Carlos V está, al parecer, en su apogeo. Los príncipes alemanes han sido derrotados. Lutero acaba de morir pronunciando palabras pesimistas: «Nada bueno le espera al mundo. Alemania ha sido lo que ha sido.» Francisco I ha muerto. Carlos queda libre de enemigos, al menos de los más temibles. Pero los protestantes no se dan por vencidos. Su actitud intransigente en el concilio, reunido nuevamente en Trento por el papa Julio III, confirma la imposibilidad de toda reconciliación con los católicos.
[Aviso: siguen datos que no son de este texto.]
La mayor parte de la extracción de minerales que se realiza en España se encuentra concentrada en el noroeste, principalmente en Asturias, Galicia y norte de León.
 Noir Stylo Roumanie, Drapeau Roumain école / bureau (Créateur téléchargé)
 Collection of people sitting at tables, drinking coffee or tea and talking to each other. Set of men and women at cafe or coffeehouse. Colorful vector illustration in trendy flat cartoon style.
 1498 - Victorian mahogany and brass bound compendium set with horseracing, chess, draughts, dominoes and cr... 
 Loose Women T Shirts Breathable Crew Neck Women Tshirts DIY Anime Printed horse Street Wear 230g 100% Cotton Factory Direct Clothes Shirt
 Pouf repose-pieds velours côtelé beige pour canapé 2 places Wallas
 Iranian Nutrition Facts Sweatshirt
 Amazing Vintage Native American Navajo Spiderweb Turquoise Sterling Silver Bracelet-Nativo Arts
Se reconstituye la liga, con el apoyo del rey de Francia Enrique II.

Mauricio de Sajonia, el vencido de Mühlberg, reúne a los rebeldes luteranos: treinta mil hombres, que él conduce a Innsbrück. Arde «la santa guerra evangélica». Danza por doquier, alegremente, «el fuego, hijo favorito de la guerra». Carlos V se ve en gran peligro y huye de Innsbrück disfrazado y con la barba teñida de negro. Se entablan negociaciones en Passau entre el emperador católico y el príncipe protestante.

Dan por resultado la paz de Augsburgo, en la que Carlos V se compromete a renunciar a toda expedición punitiva y reconoce igualdad de derechos en Alemania a católicos y a protestantes. Queda anulado el Interim. Ejus regio, ejus religio… El compromiso es prudente, desde luego. Pero, ¿dónde queda el gran sueño de unidad religiosa del imperio, acariciado por Carlos V? Ahora ya sabe bien que, por culpa de Lutero, no será nunca Carlomagno.